BEGIN Data to use
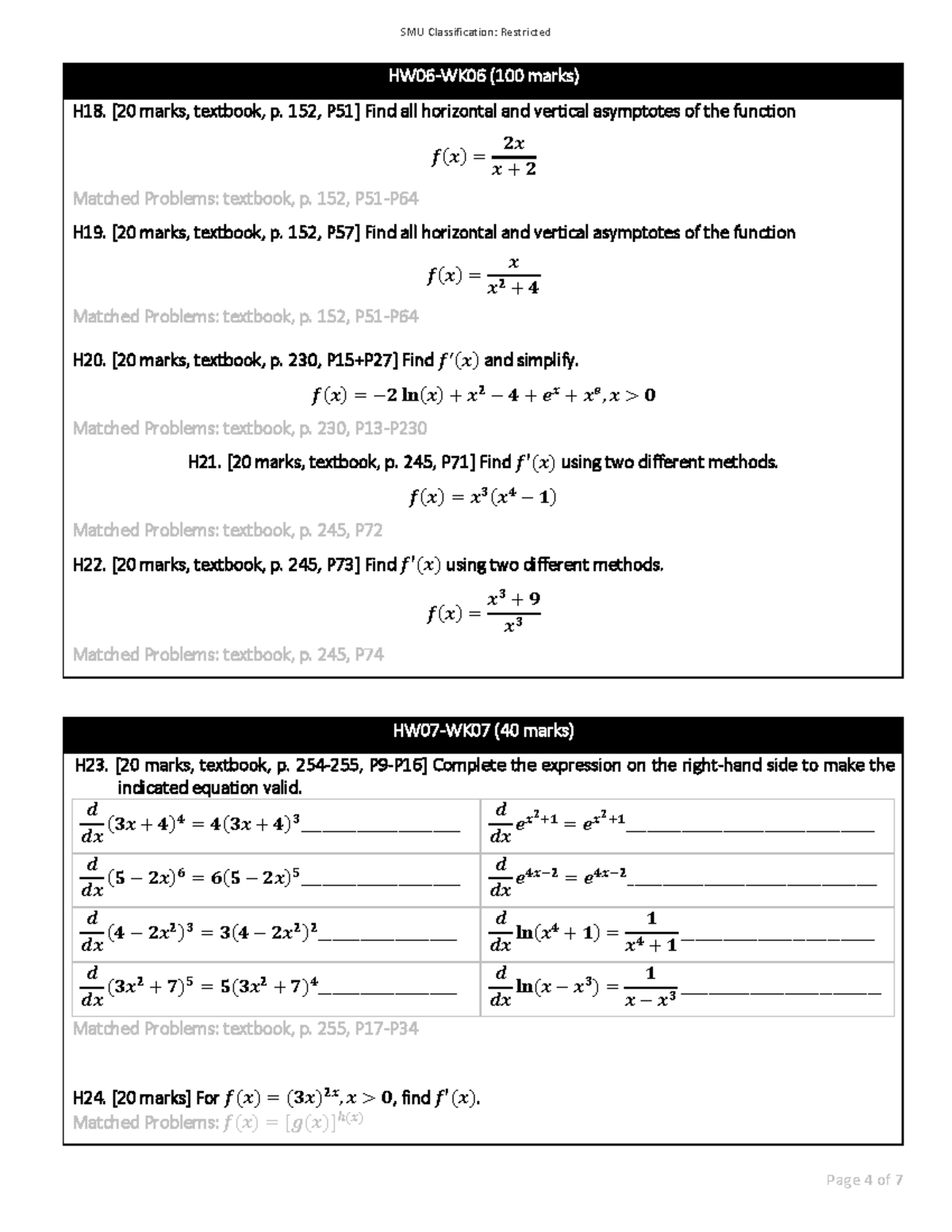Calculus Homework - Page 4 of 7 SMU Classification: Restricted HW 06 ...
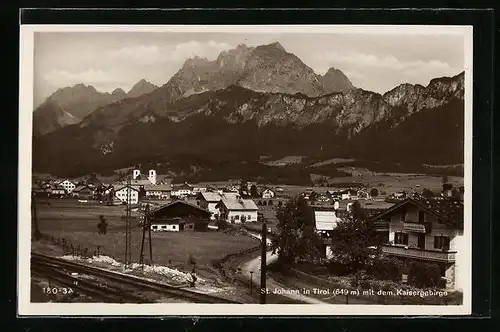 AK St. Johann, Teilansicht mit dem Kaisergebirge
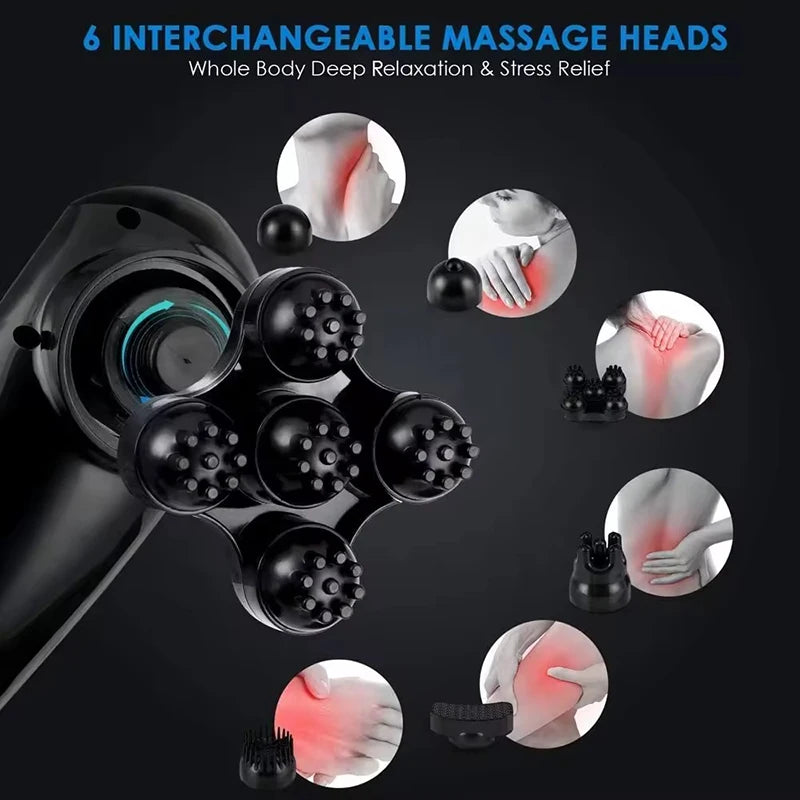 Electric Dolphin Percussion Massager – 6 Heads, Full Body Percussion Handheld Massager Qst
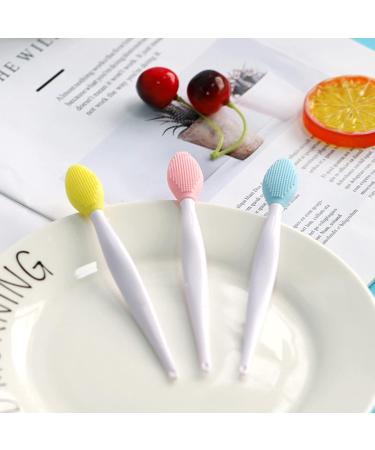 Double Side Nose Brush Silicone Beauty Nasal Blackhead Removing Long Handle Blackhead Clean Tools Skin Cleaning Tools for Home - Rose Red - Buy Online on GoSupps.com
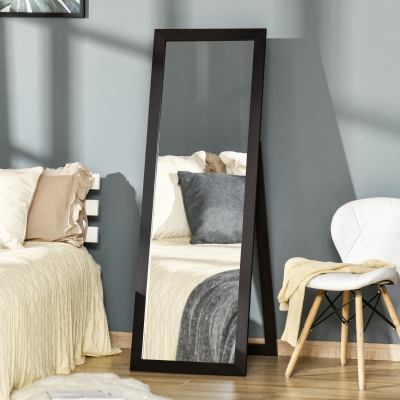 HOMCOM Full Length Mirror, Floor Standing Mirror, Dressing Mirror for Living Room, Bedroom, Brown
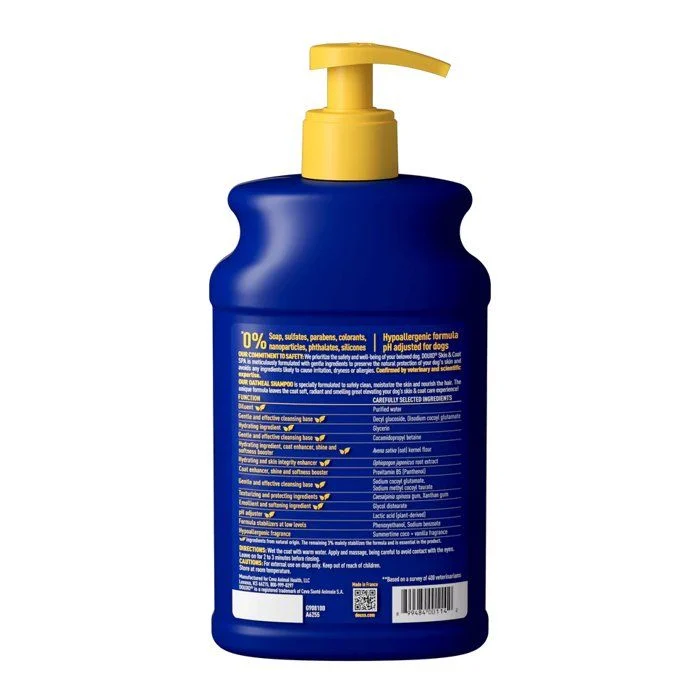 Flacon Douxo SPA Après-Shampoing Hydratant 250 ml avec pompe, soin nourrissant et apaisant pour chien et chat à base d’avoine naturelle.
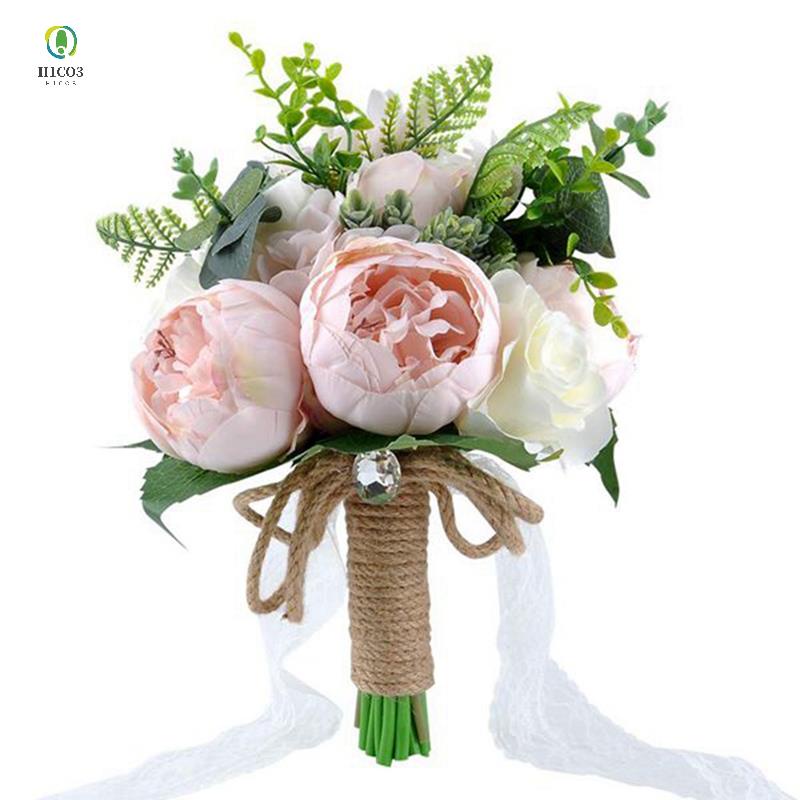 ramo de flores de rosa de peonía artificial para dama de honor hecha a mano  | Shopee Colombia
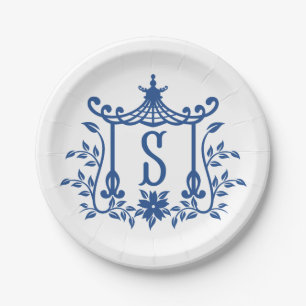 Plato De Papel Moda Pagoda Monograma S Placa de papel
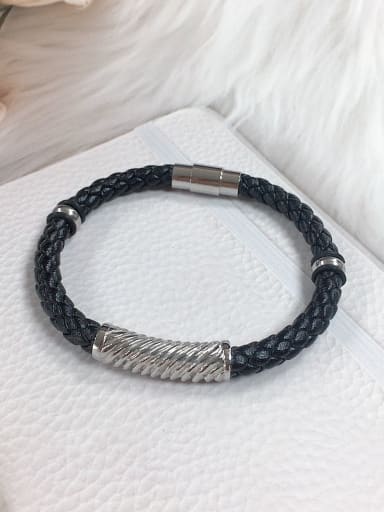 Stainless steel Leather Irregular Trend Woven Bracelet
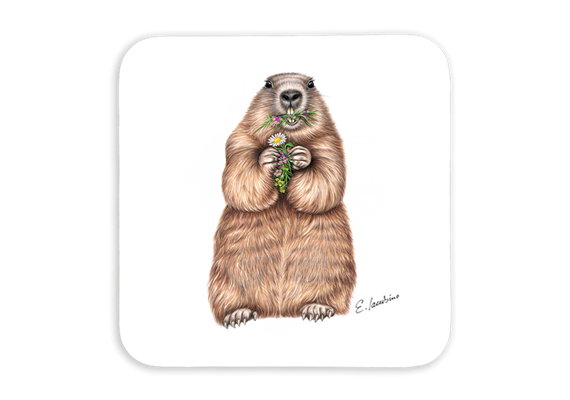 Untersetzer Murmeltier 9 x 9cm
END Data to use
From the first line to the last, retype the data exactly, without images.

Calculus Homework - Page 4 of 7 SMU Classification: Restricted HW 06 ...
 AK St. Johann, Teilansicht mit dem Kaisergebirge
 Electric Dolphin Percussion Massager – 6 Heads, Full Body Percussion Handheld Massager Qst
 Double Side Nose Brush Silicone Beauty Nasal Blackhead Removing Long Handle Blackhead Clean Tools Skin Cleaning Tools for Home - Rose Red - Buy Online on GoSupps.com
 HOMCOM Full Length Mirror, Floor Standing Mirror, Dressing Mirror for Living Room, Bedroom, Brown
 Flacon Douxo SPA Après-Shampoing Hydratant 250 ml avec pompe, soin nourrissant et apaisant pour chien et chat à base d’avoine naturelle.
 ramo de flores de rosa de peonía artificial para dama de honor hecha a mano  | Shopee Colombia
 Plato De Papel Moda Pagoda Monograma S Placa de papel
 Stainless steel Leather Irregular Trend Woven Bracelet
 Untersetzer Murmeltier 9 x 9cm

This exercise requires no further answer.